Many of the different customs were taken to the United States by Irish and Scottish immigrants in the nineteenth century, and they developed into ‘trick or treat’.

However the delicious feeling of being safely afraid sometimes got out of hand and evolved into truly frightening cultural experiences.

“At one time Halloween was a time of such fear and dread that people would board up windows and doors and stand guard over their properties with loaded shotguns in anticipation of the wandering packs of youth that would terrorize their communities unleashing devastation and destruction in their wake.

From city to city, all across our great land, gangs of young men would go on the rampage, throwing rocks through windows, burning down fields, barns and homes, chasing off livestock and performing every imaginable prank against unsuspecting victims.

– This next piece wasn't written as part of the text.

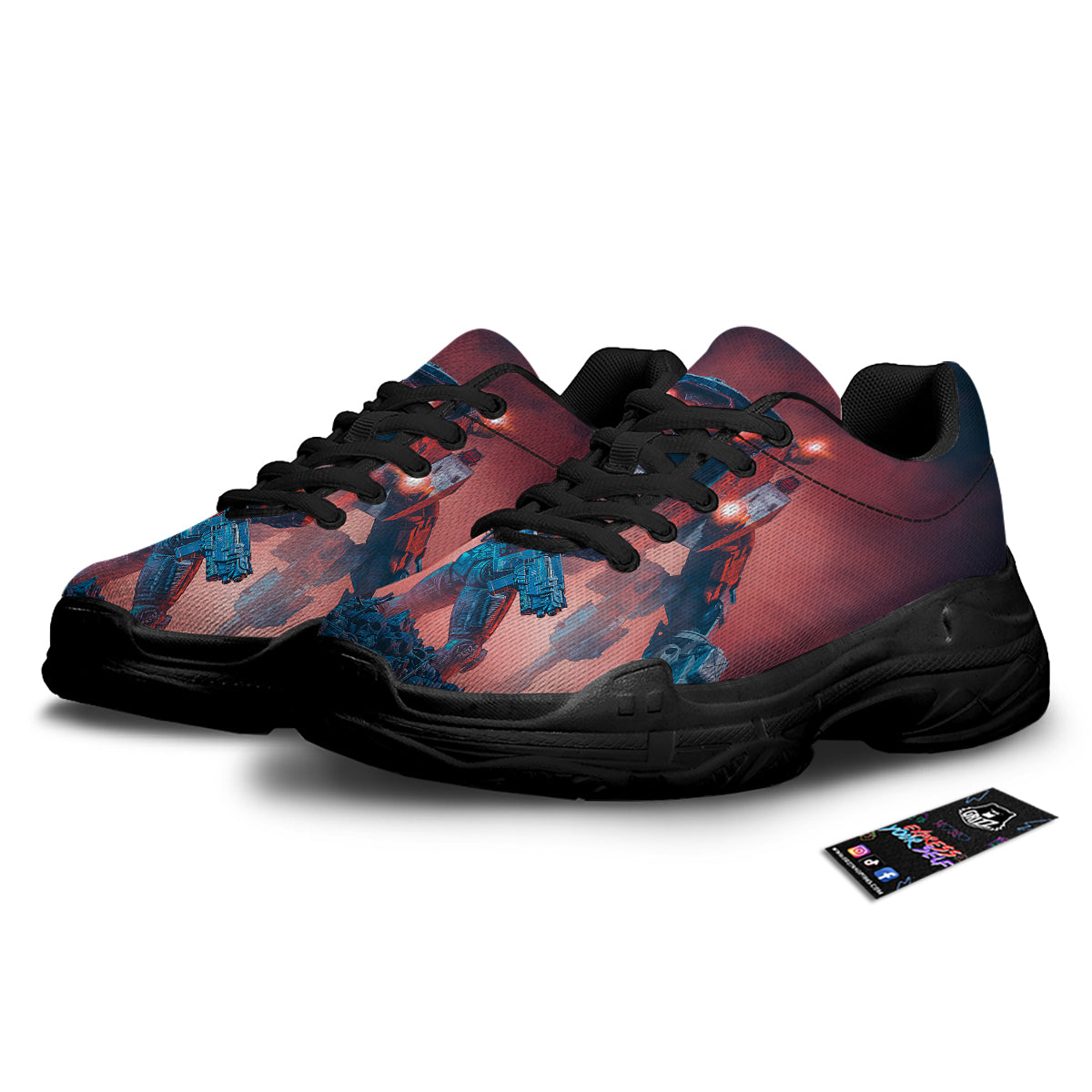 Alien Robot In the battlefield Black Chunky Shoes-grizzshop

These individuals would justify their behavior out of hunger, anger, revenge, or just plain “fun”. At times the tricksters would wear masks, costumes and disguises to prevent other people from identifying them.

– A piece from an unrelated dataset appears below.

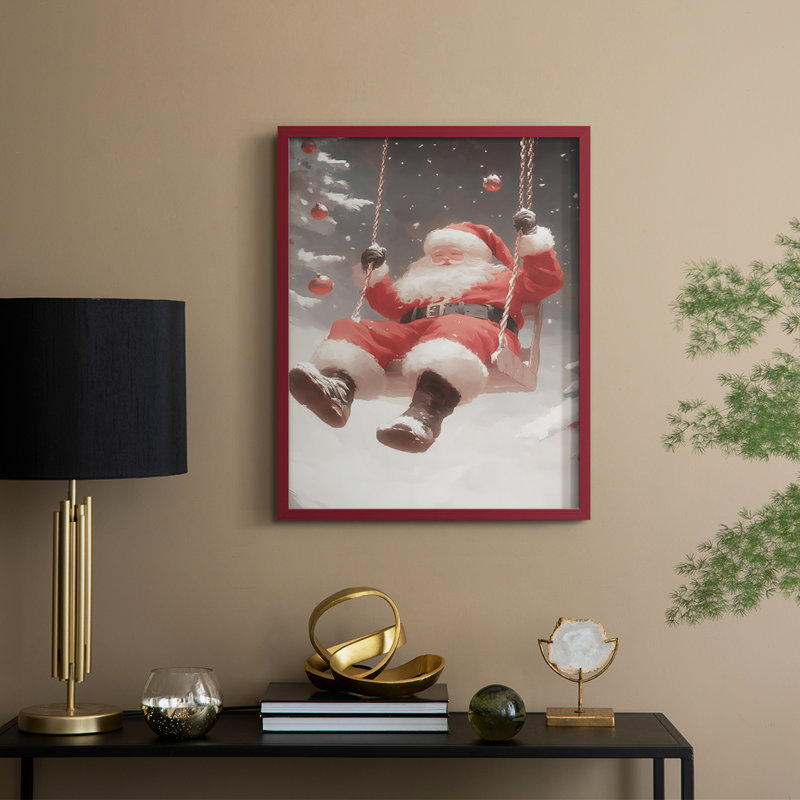 «Christmas Holiday Art», série 2-LXIV, reproduction encadrée - bois massif, H 30 po x l 24 po, Rouge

Sadly, this only made matters worse as people would blame their avowed enemies and reciprocate Catholics against Protestants, Protestants against Catholics, rich against poor, poor against rich, white against black, black against white People were traumatized, people were injured and many were killed”

(quotation from an article by Mark Parsec) Then, in later Church observances, Halloween, an amalgam of Celtic and Catholic, came from “All Hallows(Holy Saints) Eve”, an official Church holy day.

Fires were set and tended to by Church fathers and priests all night long to attract dark entities which were then prayed for to move them out of the darkness and into the light which was much appreciated and seen as service to heaven.

The very next(logical) day was “All Saints ‘Day” a celebration of those already elevated souls in the Church.

All Hallows Eve and All Saint’s Day were tied together in the Church’s mind as a linear evolution; first the ‘cleansing’ then, the ‘celebration’ of God’s eternal souls on Earth..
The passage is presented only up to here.